The meeting came two hours and 40 minutes after Gray plowed his 1996 Ford Winstar minivan into Maria Herrera, 23, her son, Andy, 4, and her sister, Dilcia Pena, 16, killing all of them. Another son born to Herrera on her deathbed died the following day.

Finkelstein's April 25 admission lit a fire under city groups dealing with police conduct in New York City, many of which came out with strong positions after Gray's drinking first made headlines.

On Friday, the Kings County district attorney launched an investigation into police misconduct, seeking to answer whether investigators hindered prosecutors in their case. And on Tuesday, a high-ranking official from the police commissioner's office will meet with prosecutors to discuss the probe. And even New York City Mayor Michael Bloomberg, who has thus far remained mute on police issues, has addressed the controversy, telling reporters Sunday that "nobody is above the law." City and union officials did not return calls seeking comment.

Gray, 41, admits to drinking at least 12 beers the day of the collision, first in the parking lot of the 72nd Precinct after he finished the graveyard shift, and later at an off-limits strip club in the neighborhood.

While the Kings County district attorney may have its sights set on what happened during the meeting between Finkelstein and the PBA members, including Michael Immitt, a PBA trustee, the new police commissioner Ray Kelly may be preparing a new policy that would automatically eject cops such as Gray from the force.

According to the New York Post, the policy would banish "any uniformed member of the service who causes serious physical injury to another person while operating a motor vehicle."

A 14-year-veteran of the Sunset Park precinct, Gray resigned three weeks after the collision.
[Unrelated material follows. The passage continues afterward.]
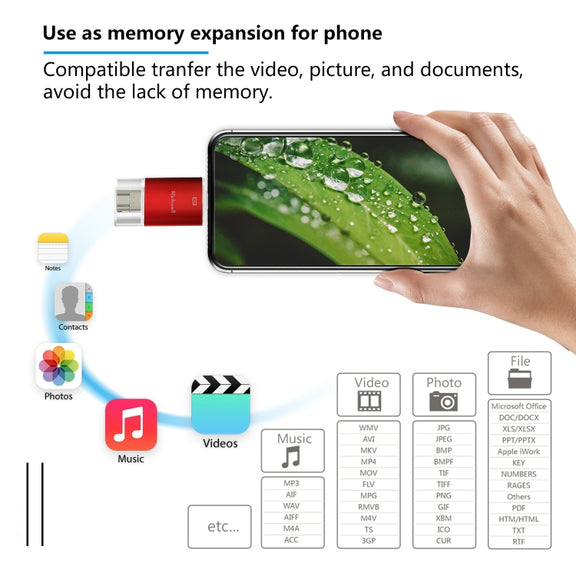 Richwell 3 in 1 64G Type-C + 8 Pin + USB 3.0 Metal Double Cover Push-pull Flash Disk with OTG Function(Black)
Then-Commissioner Bernard Kerik came down hard on other officers in Gray's precinct, using the case as a platform to address larger issues of alcoholism in the department. In all, 17 other officers were disciplined, and three were fired.

Prosecutors say Gray was drunk, speeding and ran a red light at the time of the crash at the intersection of 46th Street and Third Avenue in Sunset Park, a largely immigrant neighborhood in central Brooklyn. His blood-alcohol content four hours after the crash was .016 percent.

He is scheduled to be sentenced on May 28, and could spend as many as 15 years in prison.